So many lessons that I forced myself to work through on days when I really didn’t feel like I had anything left; silent battles that left me depleted, broken and feeling so worthless.
But I refused to quit. I fought for my family, for my children and mostly, I fought for me. The battle has been long and I’ve begged for relief and answers when the blackness seemed surely to destroy me. And just now, after a long year, those answers are beginning to show up.
Slowly, as I continue to heal, I will share my journey because I know there are others who know and understand this kind of journey, this unimaginable pain. I also believe with my whole heart that nothing, not one tear, not one hurt is wasted in God’s economy. As I trudge through the mire and place one foot in front of the other to climb out of this pit, I wear the scars of self-awareness, wounds of my own unhealthy responses and reactions, and the understanding of triggers and years of trauma.

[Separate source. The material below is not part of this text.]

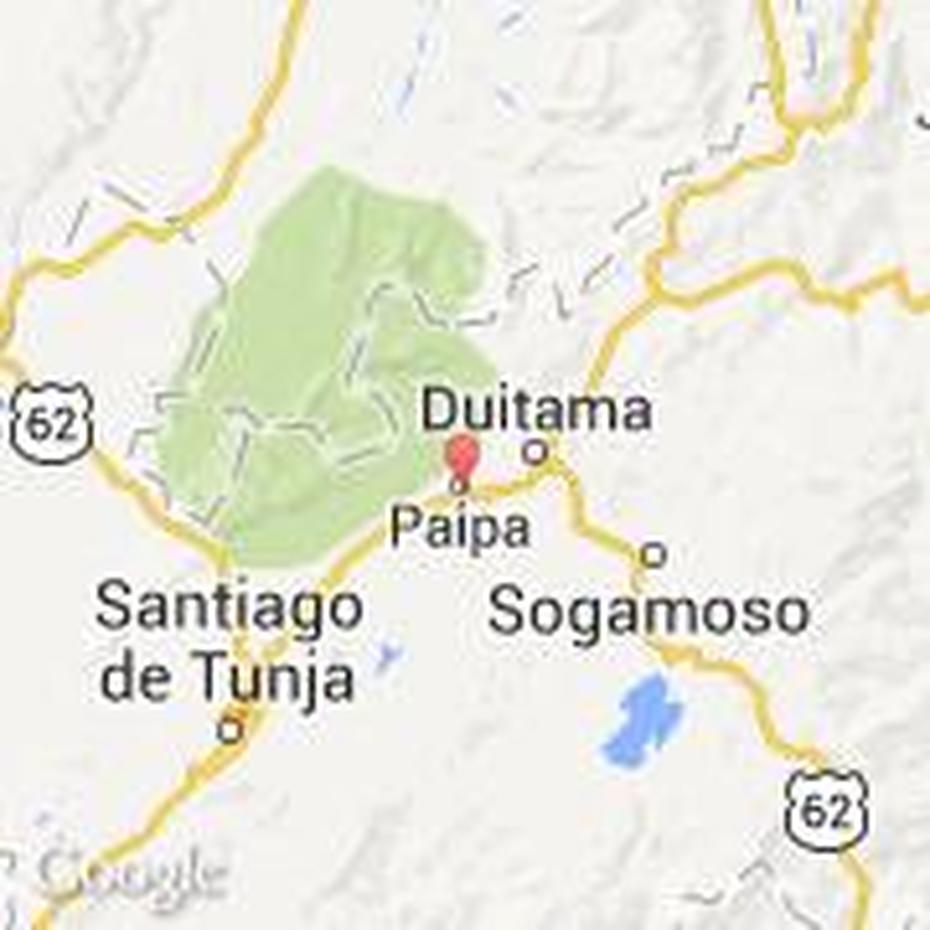 Puerto Boyaca Colombia, Raquira Colombia, Paipa, Paipa, Colombia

The dawning of 2020 will bring hope and strength. I know my battles are far from over. But I know my hard fought-for answers will equip me as I continue to fight for my healing, my family, my future, and the right way to conclude a failed marriage.
So raise a glass with me to new beginnings, to hope and the faithfulness of a Savior who never leaves us.
Here’s to 2020 and clearer vision for the road ahead!
No emoji, no comment can adequately express how much I hurt with you. You are a jewel. Blessed are they who mourn for they shall be comforted. Lord, I pray that Cyndi would feel Your loving arms around her every day of 2020.
Ann, thank you so very much for your support and prayers <3
Cyndi I cannot imagine the hurt and all the other emotions you have and are going thru but I know our Lord and Savior knows your heart and hears your prayers. Thru you’re posts I have seen strength, determination and incredible accomplishments. You will get thru this . Have a blessed 2020!!
Tammy, thank you so much. It’s been rough for sure but yes, the Lord has been faithful through all of this. Never thought i’d be here after 34 years of marriage but the Lord knew and i know He has great things in store!
These words were hard for me to read. My heart hurts for you & your sweet family. You are a strong woman for sure! Blessings for all of the new years ahead of you.
Jennifer, thank you. I look forward to reconnecting this year and i love that you’re into all the herbal stuff 🙂
Happy 2020 to you!!!
You are the strongest woman that I know. Praying that 2020 will bring you blessings beyond measure, an unmistakable peace with the life God is leading you into, and a knowing that you are loved. I will be praying with you this year.
Melia, thank you so much for your kind and encouraging words! The Lord is faithful and even though i question His timing at times, I know it is perfect. Thank you for your prayer <3 Wishing you and your a fabulous 2020!!
Cyndi, I did not know. I am devastated for you. Thank you for sharing this most awful of challenges. You will be back to blooming and growing in 2020. Love & peace.
Thank you so much, Janisse. Thank you for your support and encouragement. It’s taken a year for me to finally feel strong enough to share. 2020 is indeed going to be a great year and i’m excited!